> [Work required] Using the records below, give again exactly the lines from the line that contains "Island Muhlworth in" through the line that contains "نمای پشت شومیز", both ends included, and only those.

(Stored items)
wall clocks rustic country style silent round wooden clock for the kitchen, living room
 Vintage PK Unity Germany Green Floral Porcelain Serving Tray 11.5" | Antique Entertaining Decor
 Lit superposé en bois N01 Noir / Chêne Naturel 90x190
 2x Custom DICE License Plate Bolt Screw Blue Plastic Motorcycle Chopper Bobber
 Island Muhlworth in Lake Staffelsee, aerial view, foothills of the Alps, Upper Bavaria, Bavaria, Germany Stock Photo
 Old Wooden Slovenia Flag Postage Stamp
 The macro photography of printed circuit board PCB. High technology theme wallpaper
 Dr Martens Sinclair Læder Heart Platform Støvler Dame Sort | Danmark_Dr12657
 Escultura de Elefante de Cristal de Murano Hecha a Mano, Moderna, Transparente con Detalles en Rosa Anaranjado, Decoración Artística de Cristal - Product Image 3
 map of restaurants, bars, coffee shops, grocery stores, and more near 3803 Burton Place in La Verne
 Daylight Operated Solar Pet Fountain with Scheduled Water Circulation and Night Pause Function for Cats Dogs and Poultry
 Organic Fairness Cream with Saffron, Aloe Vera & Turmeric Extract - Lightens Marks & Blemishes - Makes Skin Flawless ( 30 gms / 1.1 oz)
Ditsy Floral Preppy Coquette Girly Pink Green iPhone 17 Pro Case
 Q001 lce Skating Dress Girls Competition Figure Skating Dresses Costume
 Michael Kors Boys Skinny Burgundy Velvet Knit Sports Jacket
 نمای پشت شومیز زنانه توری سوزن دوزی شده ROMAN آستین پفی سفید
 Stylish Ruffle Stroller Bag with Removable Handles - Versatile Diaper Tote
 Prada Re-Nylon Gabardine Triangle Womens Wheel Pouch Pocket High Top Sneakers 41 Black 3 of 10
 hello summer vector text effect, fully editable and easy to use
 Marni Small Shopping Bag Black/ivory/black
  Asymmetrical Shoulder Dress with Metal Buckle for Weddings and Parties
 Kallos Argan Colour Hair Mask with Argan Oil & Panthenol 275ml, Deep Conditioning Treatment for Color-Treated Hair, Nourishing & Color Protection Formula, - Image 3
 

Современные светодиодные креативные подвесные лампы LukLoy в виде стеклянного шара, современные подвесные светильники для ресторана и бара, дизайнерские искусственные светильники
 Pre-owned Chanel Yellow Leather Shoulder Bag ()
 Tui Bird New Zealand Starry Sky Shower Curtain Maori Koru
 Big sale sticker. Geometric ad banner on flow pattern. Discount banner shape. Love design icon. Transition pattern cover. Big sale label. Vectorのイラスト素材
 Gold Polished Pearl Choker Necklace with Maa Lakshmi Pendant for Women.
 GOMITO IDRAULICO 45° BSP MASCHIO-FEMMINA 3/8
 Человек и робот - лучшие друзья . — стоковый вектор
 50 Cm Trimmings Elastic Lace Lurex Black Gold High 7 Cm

> [Result]
 Island Muhlworth in Lake Staffelsee, aerial view, foothills of the Alps, Upper Bavaria, Bavaria, Germany Stock Photo
 Old Wooden Slovenia Flag Postage Stamp
 The macro photography of printed circuit board PCB. High technology theme wallpaper
 Dr Martens Sinclair Læder Heart Platform Støvler Dame Sort | Danmark_Dr12657
 Escultura de Elefante de Cristal de Murano Hecha a Mano, Moderna, Transparente con Detalles en Rosa Anaranjado, Decoración Artística de Cristal - Product Image 3
 map of restaurants, bars, coffee shops, grocery stores, and more near 3803 Burton Place in La Verne
 Daylight Operated Solar Pet Fountain with Scheduled Water Circulation and Night Pause Function for Cats Dogs and Poultry
 Organic Fairness Cream with Saffron, Aloe Vera & Turmeric Extract - Lightens Marks & Blemishes - Makes Skin Flawless ( 30 gms / 1.1 oz)
Ditsy Floral Preppy Coquette Girly Pink Green iPhone 17 Pro Case
 Q001 lce Skating Dress Girls Competition Figure Skating Dresses Costume
 Michael Kors Boys Skinny Burgundy Velvet Knit Sports Jacket
 نمای پشت شومیز زنانه توری سوزن دوزی شده ROMAN آستین پفی سفید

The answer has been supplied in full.